The role of identity in influencing change (Part 4)

In this series of blog posts I have explained the role of identity in changing behaviour, showed you a video to highlight using identity to influence behaviour, and then gave an example of changing teenage eating habits by tapping into their identity.

This blog post, the fourth in a series of five, is about using identity in a slightly different way – playing into who people don’t want to be.

If you drink, then drive, you’re a bloody idiot

In 1989 Greg Harper and Stewart Byfield, were tasked with writing a commercial for the TAC that would “upset, outrage and appal” drink drivers. With the road toll trending towards 1000 deaths per year, Mr Harper envisioned a credible campaign that would scare viewers into taking the issue seriously.
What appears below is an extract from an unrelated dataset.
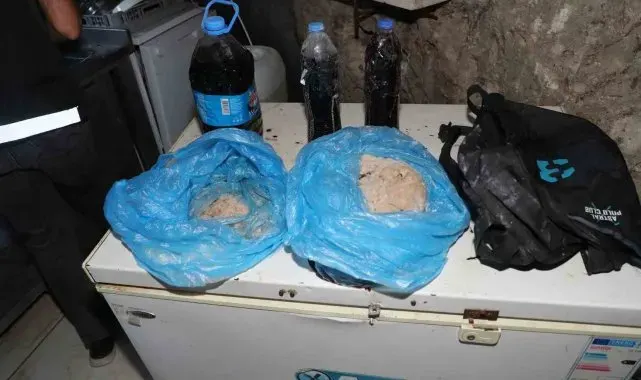 Mersin'de iş yerini uyuşturucu imalathanesine çevirmişler: 4 tutuklama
This is what he came up with.

Greg Harper said in a later interview, they wanted to; “…shock people and force them to think about their own attitudes and behaviour.” To do this the advertisement was shot at the Royal Melbourne Hospital in the middle of an active emergency department using a real medical crew. Harper said they just didn’t want convincing acting; “…but a sense that our audience had seen the real thing.”

Of course, this degree of reality and the shocking images contributed to the campaigns success – in the following 12 months, the road toll dropped 37 per cent – but what remained even longer was Harper’s tagline – “If you drink, then drive, you’re a bloody idiot”. It’s become part of the Australian vernacular.

See the use if identity in the campaign? It was tapping into who people didn’t want to be. Who wants to be a bloody idiot?

 

Wasting water is weird

Preserving America’s water supplies is a serious topic, but serious communications weren’t waking consumers up to their own wasteful habits. To try and address this lack of action a campaign was created called “Wasting Water Is Weird.”

In the campaign, a character named Rip the Drip showed up that moment when using water became wasting water, and he made that moment so awkward, no one could forget it.

Again, the campaign – which 29% of consumers who had seen the campaign said it caused them to change their water usage habits – was all about who people didn’t want to be. Would you want to be like Rip the Drip?